The jats ends up being called jats.jats, this can be fixed easily. You still need to figure out what needs to be changed for parsing at your journal...

iandol commented 1 month ago

For scrivomatic to use jats you need to add a JATS recipe to pandocomatic.yaml, this is mine for example:

https://github.com/iandol/dotpandoc/blob/master/pandocomatic.yaml#L67

bokamm commented 1 month ago

Wonderful!! Thank you so much. I tried it with an existing article and it worked fine. It seems the reason figures are not displayed is a code issue in the plugin used by OJS: https://github.com/asmecher/lensGalley/pull/69 I tried to adjust the code myself (as the pull request has not been implemented) but this results in an error.
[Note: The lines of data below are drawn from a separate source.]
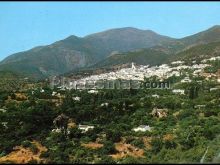 Foto antigua de PROVINCIA DE MALAGA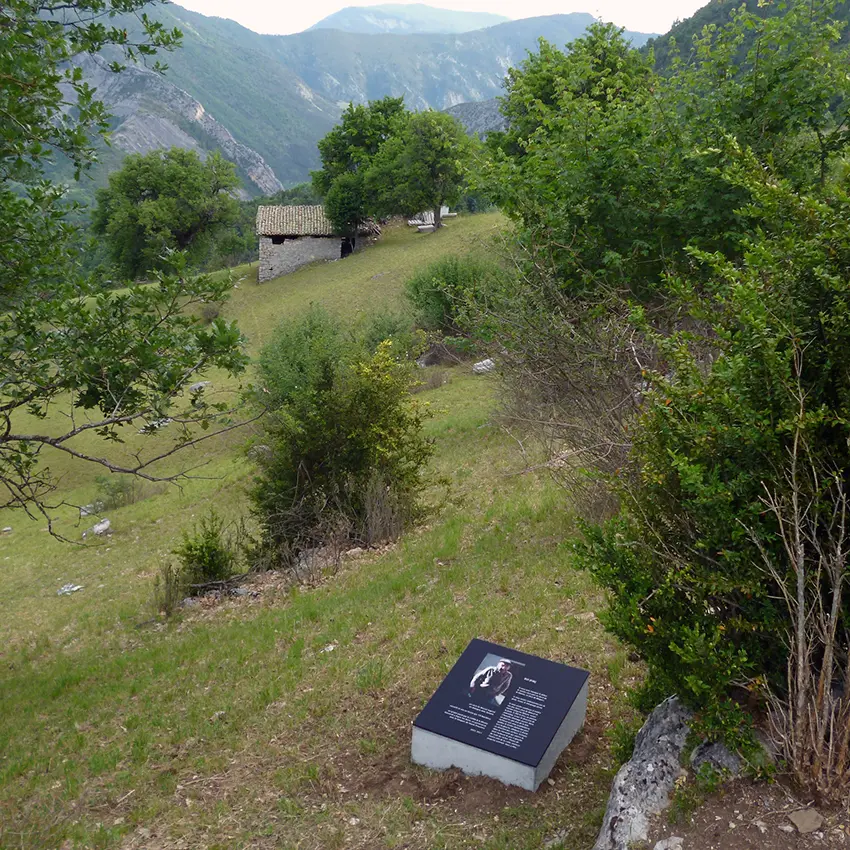 Till Roeskens, Sentier Marcel, 2017, Collection musée Gassendi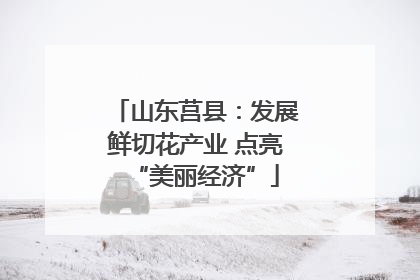 山东莒县：发展鲜切花产业 点亮“美丽经济”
So, the JATS files seem to work, it is the OJS platform/plugins that cause issues (we are on the latest release and it seems many plugins are still not updated...). Anyway, thank you so much! Can I offer a coffee or something?

iandol commented 1 month ago

Hi, glad you got it working. I may make a post on the forums outline the details to get JATS working. I'll make some tweaks to scrivimatic docs to mention this also later...
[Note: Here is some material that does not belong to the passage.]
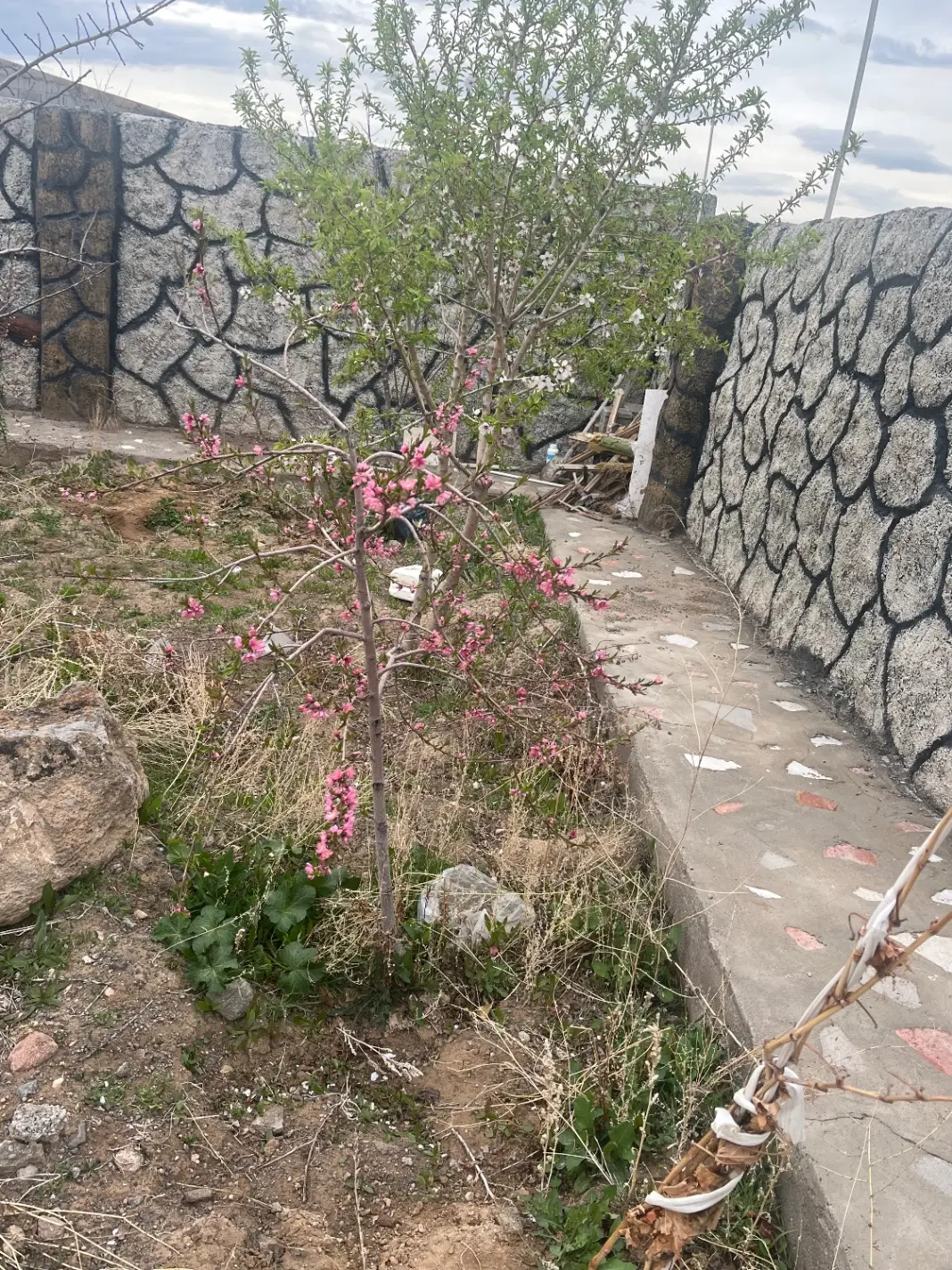 باغ ویلا در اسفهلان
Coffee welcome, if these work for you: paypal.me/iandol ko-fi.com/iandol.

bokamm commented 1 month ago

Thank you again so much! Coffee went out!
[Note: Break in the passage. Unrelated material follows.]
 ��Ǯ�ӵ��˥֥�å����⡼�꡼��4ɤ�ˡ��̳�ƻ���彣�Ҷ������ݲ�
bokamm commented 2 weeks ago

Hallo again! I just wanted to report a follow-up because I got the references to be displayed (or at least found out what the issue was. I used as CMoS-style.csl for the references and they are rendered like below in the jats XML: `

<mixed-citation>Koljonen, Johanna, Jaakko Stenros, Anne Serup Grove,  
Aina D. Skjørnsfjell, and Elin Nilsen, eds. 2019. <italic>Larp  
Design: Creating Role-Play Experiences</italic>. Copenhagen:  
Landsforeningen Bifrost.</mixed-citation>  

`

However, jats XML needs references to be listed with a lot of sub-items, like below: `

<element-citation publication-type="book">  

  <person-group person-group-type="author">  

    <name>  

      <surname>Koljonen</surname>  

      <given-names>Johanna</given-names>  

    </name>  

    <name>  

      <surname>Stenros</surname>  

      <given-names>Jaakko</given-names>  

    </name>  

    <name>  

      <surname>Grove</surname>  

      <given-names>Anne Serup</given-names>  

    </name>  

      <name><surname>Skjørnsfjell</surname>  

      <given-names>Aina D.</given-names>  

    </name>  

    <name>  

      <surname>Nilsen</surname>  

      <given-names>Elin</given-names>  

    </name>  

</person-group>  

<year>2019</year>  

<source>Larp design: creating role-play experiences</source>  

<publisher-name>Landsforeningen Bifrost</publisher-name>  

<publisher-loc>Copenhagen</publisher-loc>  

</element-citation>  

`

I found this very old project which proved a jats-appropriate csl: https://github.com/mfenner/pandoc-jats However, it adds another nested label for the citations and reference list: <xref alt="1" rid="ref-koljonen.etal2019" ref-type="bibr">1</xref>

`

<ref id="1"><label>1</label> <element-citation publication-type="book"><person-group person-group-type="author"><name><surname>Koljonen</surname><given-names>Johanna</given-names></name></name><name><name><surname>Stenros</surname><given-names>Jaakko</given-names></name></name><name><name><surname>Grove</surname><given-names>Anne Serup</given-names></name></name><name><name><surname>Skjørnsfjell</surname><given-names>Aina D.</given-names></name></name><name><name><surname>Nilsen</surname><given-names>Elin</given-names></name></person-group><article-title>Larp design: creating role-play experiences</article-title><publisher-name>Landsforeningen Bifrost</publisher-name><publisher-loc>Copenhagen</publisher-loc></element-citation> </ref>

`

I cleaned the code (search & replacing the < etc. with correct HTML tags for < > and ", removing a redundant pair and got it to work, but if an article has a long reference list, this is too much work. Especially, if I also need to adjust each in-line citation and remove all the nested ref tags.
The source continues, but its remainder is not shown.